There’s something askew…
On the morning of Friday, July 8th, 2022, as I rolled out of bed, I instinctively reached over to my phone to check the weather for the day. Right away, I knew that something was off. My weather app wouldn’t load the weather. I toggled my wifi only to realize that I had no bars of cell signal on my phone. My husband’s phone also had no bars. No cell service and no internet. What was this? The ‘80s?!
As remote workers, this meant that we could not work until this thing got resolved. Cut off from the outside world, we scrambled to find out what was up. How bad was this thing? Luckily we live near a subway station with free wifi, so we stood across the street from the station and bummed a wifi signal from there.
We were able to check in with our respective co-workers and scour the interwebs to find out what was up. There was a RogersRogers service outage, and it affected cable, cell, and internet services. For those not in Canada, Rogers is one of our three large telecom providers. Our other two large providers, TelusTelus and BellBell, were unaffected.

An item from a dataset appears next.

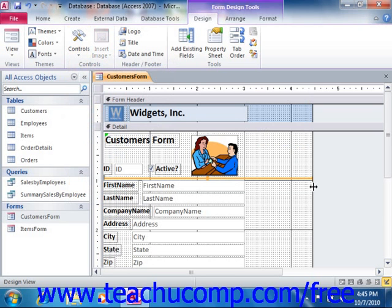When you release your mouse button, the shape will insert itself into the form or report. Note that there is no wizard associated with adding either lines or rectangles.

To say that this situation sucked is an understatement. It definitely made me realize just how dependent we are on internet connectivity for our day-to-day lives. Blows my mind. 🤯 I wasn’t able to work at all on Friday, which meant I was a bit behind on my work. I know that it was far worse for others. I think of the Uber drivers who couldn’t make their living because they were on the affected network. I think of the store owners who couldn’t accept debit payments because the outage affected Interac. What about folks closing on a house that day who couldn’t transfer funds? Folks who needed to cash out investments to make a down payment for a house. Or folks who couldn’t get cash at the ATMs of the affected banks. So yeah. This definitely sucked for a LOT of folks. But do you know who this also sucked for? The folks in the thick of this outage, who were probably breaking out in cold sweats, shaking in their booties, losing sleep, skipping meals, and straight up having panic attacks as they tried to resolve this issue as quickly as possible.
Before y’all come at me with your torches and pitchforks, let me remind you that the folks who were working to resolve Friday’s outage are HUMAN, and they were probably having the WORST. DAY. EVER.
This got me thinking of all the times I was involved with major production issues, and just how friggin’ STRESSFUL it was. Imagine being called on to solve a production issue. You don’t know what’s going on. You need to get your bearings, and you need to do it FAST. To top it all off, you’re likely on a call with a ton of people, including project managers and execs who are breathing down your neck, asking you for updates. If you’re super lucky, you’ll get some cowboy exec who “used to code” 20 years ago and tries to tell you how to troubleshoot. Recipe for SO. MUCH. FUN. Not.
Many folks who have worked in support or operations type roles have some serious PTSD from their experiences when they are called into fixing production issues. To the point where some just walk away from these types of roles, because it scars them for life. And the reason why they have PTSD over this is because they don’t have psychological safety.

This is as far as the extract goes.